Voici l'histoire d'un site emblématique et historique de Neyron : la batterie de Sermenaz, plus communément appelée “Fort de Neyron” et propriété de la commune de Neyron depuis une dizaine d'années.
Un peu d'histoire
La batterie faisait partie de la deuxième ceinture de défense de Lyon et a été construite entre 1875 et 1887 sur le mont Goitron, un éperon qui domine le canal de Miribel et qui offre une vue imprenable sur Lyon et le Rhône en amont.
Ce fort, où 75 artilleurs vivaient au début du XXe siècle, est complètement entouré de fossés et les bâtiments sont situés derrière des remparts.
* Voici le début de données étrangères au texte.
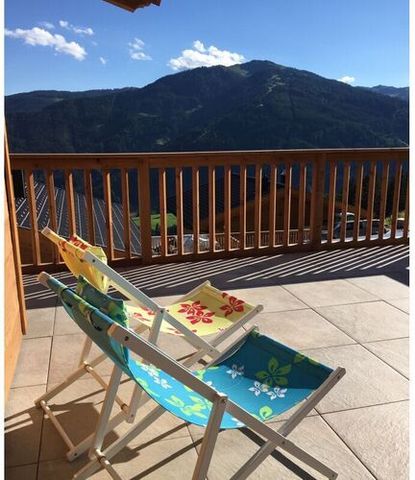 We welcome you to the Hochkeil Lodge on an alpine pasture on the edge of the forest above Mühlbach am Hochkönig at an altitude of 1250 m. Delivered in December 2019, carefully designed and tastefully decorated. So you can enjoy it. Quality time. 12 p...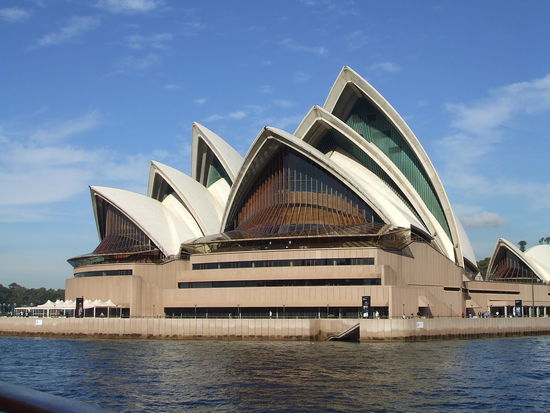 Das Sydney Opera House  ist eines der markantesten und berühmtesten Gebäude des 20. Jahrhunderts und das Wahrzeichen von Sydney.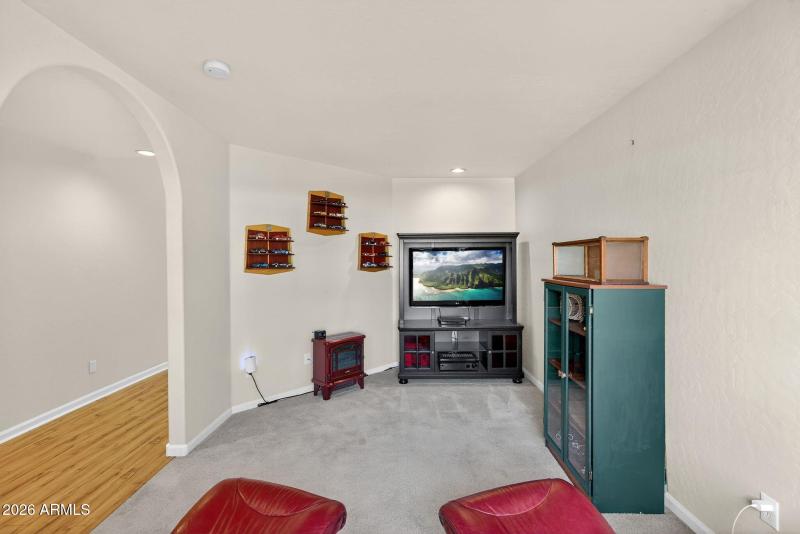 13-web-or-mls-04 E Cathy Ct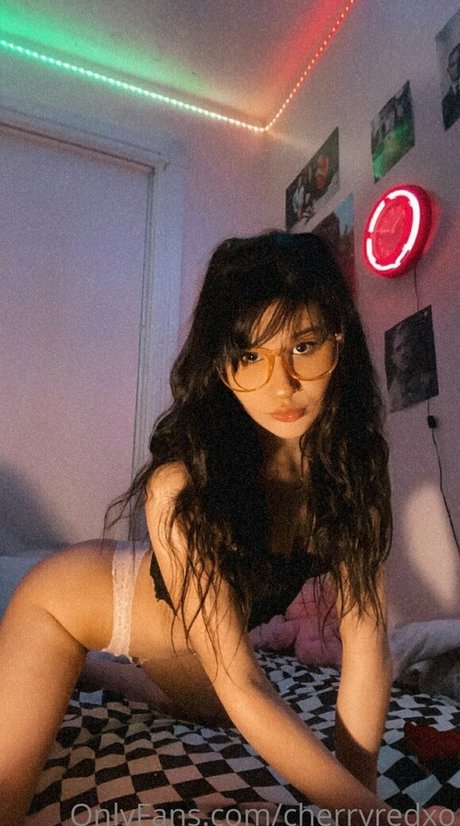 Naakte gelekte OnlyFans-foto van Cherryredxo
Il comprenait 8 canons, 26 tonnes de poudre noire, une infirmerie, un magasin, une citerne d’une contenance de 200 m3. De nos jours, l’ensemble des bâtiments est plutôt bien conservé.
Pourquoi un ouvrage militaire de Défense à Sermenaz ?
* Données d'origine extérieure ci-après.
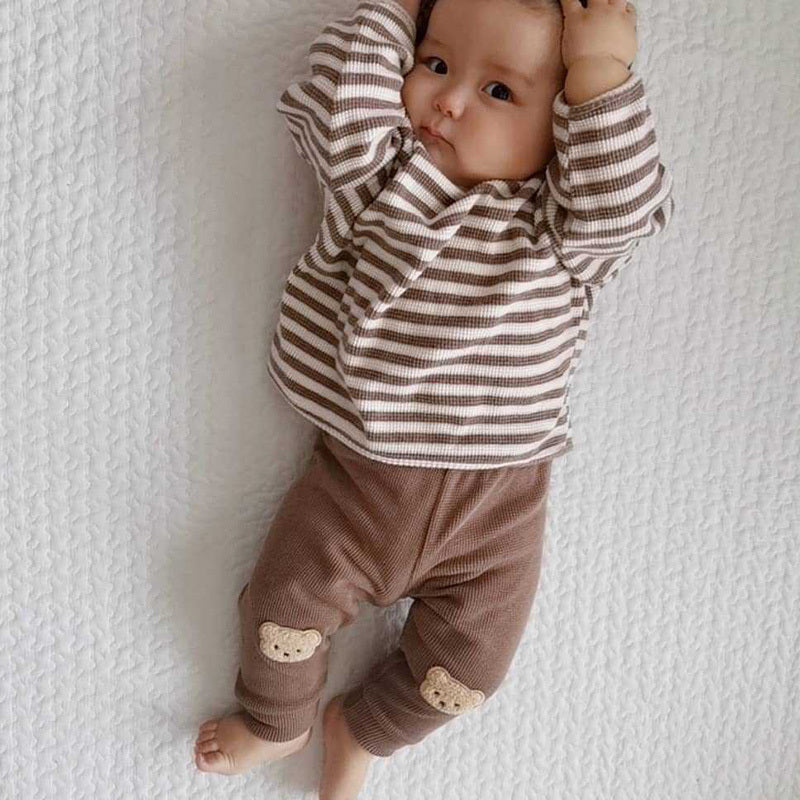 Haut rayé mignon et confortable pour bébés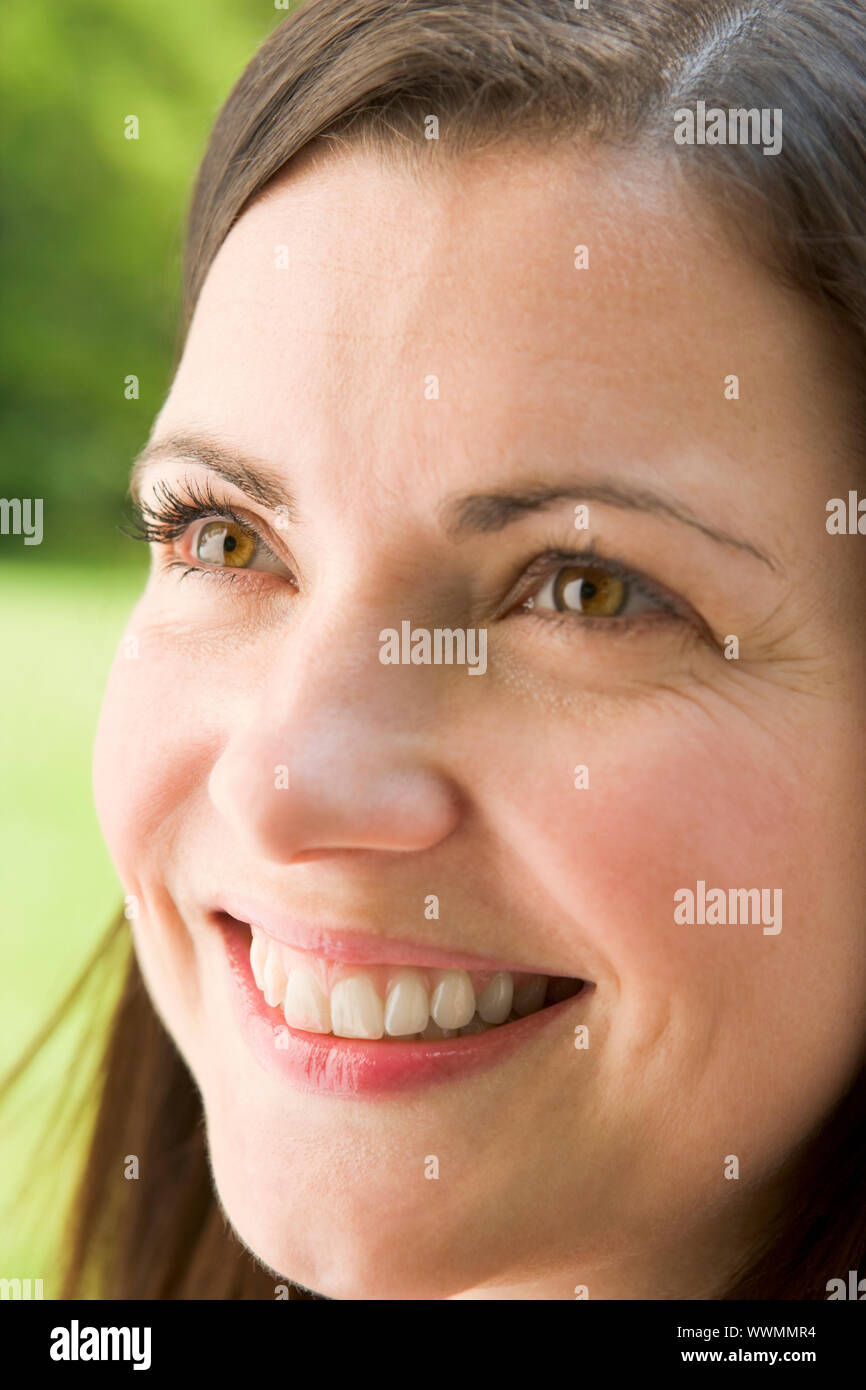 Kopfschuss Frau ein böses Gesicht Stockfoto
L’emplacement est particulièrement bien choisi : le Mont Goitron, cet éperon qui domine le canal de Miribel, la route de Lyon-Genève et commande le chemin du Barye donnant accès au plateau de la Dombes par le chemin de Chalamont.
Imaginez un instant l’emplacement dans les années 1880, sans arbres aux alentours et la vue portait au loin : on apercevait le clocher de Décines à 6 500 m, celui de Vaulx-en-Velin à 4 000 m, le fort de Bron à 9 000 m, dans l’autre direction, le clocher de Vancia à 2 500 m, celui de Neyron à 900 m, du Mas-Rillier à 3 000 m, etc. On pouvait faire un tour d’horizon complet et donc diriger des tirs.
Lyon avait-elle besoin d’être défendue ?
Un petit rappel historique s’impose. Lyon, au début du XIXe siècle était sans défense organisée.
En janvier 1814, l’armée autrichienne venant de Genève avait été repoussée par le maréchal Augereau jusqu’à Lons le Saunier mais une nouvelle offensive de 4 000 hommes permit aux Autrichiens, après les combats de Villefranche et de Limonest, d’entrer sur Lyon par Vaise et Saint-Clair le 4 juin 1813.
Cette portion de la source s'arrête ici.